Generic Characters

The Case for Selecting a Generic Character for Chautauqua

 

A very small percentage of people make it into the history books. Most of the living and dying is done by the unheralded masses.  Most chautauquans pick a famous character but there are good reasons to select a generic character instead.

 

I am defining a generic character as a person that may not have actually existed but is representative of a person that lived in a specific time, circumstance, and place. You must realistically portray of what life would have been like for a person in that situation. Stories would come from portrayals of that era in history but they do not need to have all occurred to a specific individual.

 

Here are some examples:

 

·         Comstock Lode Miner – You would describe the working conditions, the hazards, and what life was like in Virginia City. You could talk about your journey to get here and your aspirations.

·         Pony Express Rider – Describe what it was like riding across the Nevada wilderness. Talk about the hazards, the excitement.  Tell stories that really happened from that period.

·         Pioneer Woman crossing Nevada along the Humboldt River – What was life like? What were your responsibilities, talk about your fears and dreams.

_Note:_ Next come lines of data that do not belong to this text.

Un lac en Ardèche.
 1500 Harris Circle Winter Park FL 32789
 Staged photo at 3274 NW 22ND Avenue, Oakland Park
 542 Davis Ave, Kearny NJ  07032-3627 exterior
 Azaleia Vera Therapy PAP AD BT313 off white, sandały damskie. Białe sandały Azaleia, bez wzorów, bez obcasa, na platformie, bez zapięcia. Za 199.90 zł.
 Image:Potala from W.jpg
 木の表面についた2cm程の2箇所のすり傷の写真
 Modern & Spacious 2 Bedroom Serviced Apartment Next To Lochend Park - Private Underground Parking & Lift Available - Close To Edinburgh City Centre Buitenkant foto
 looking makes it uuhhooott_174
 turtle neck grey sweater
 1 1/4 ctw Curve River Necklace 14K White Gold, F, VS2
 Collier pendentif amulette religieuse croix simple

·         Homesteader (man or woman) – What was it like? What were the hazards? Why would you live like that? What are your disappointments, your joys?

·         Stage Coach Station keeper – It is your job to provide food, shelter, and fresh horses to the stages that traverses the trail. Tell us what life was like. What were the hazards?

·         Chinese Worker on the Central Pacific Railroad – Why did you come from China? What is your life like here? Tell stories from your experiences.

·         Child crossing Nevada with the Donner Party – Talk about the journey from a child’s point of view? What was life like on the trail? What are your hopes and fears?

·         Member of “Shoshone Mike’s” tribe or a member of the posse that hunted them down – This was called “the last Indian massacre” and it deserves to have more exposure. Tell the story as a character involved in it.

·         Person working at the Nevada Test Site during the explosion of the first Atom Bombs – Describe the urgency behind the project. How were secrets kept? What was the explosion like? What do you think of it now?

·         Mormon Settler in the Carson Valley (Man or Woman) – What was life like? What are your goals and fears? How do you feel about being told where to live by the leaders of your church?

·         Volunteer soldier from Nevada headed out to fight in the Civil War – Why did you volunteer? What was life like as a union soldier?

·         Member of Fremont’s Exploration party. Tell us what it was like. What did you discover? What were Kit Carson and John C. Freemont like?

 

Those are just a few of the possibilities. Any of these would fit in well with the Sesquicentennial theme this year.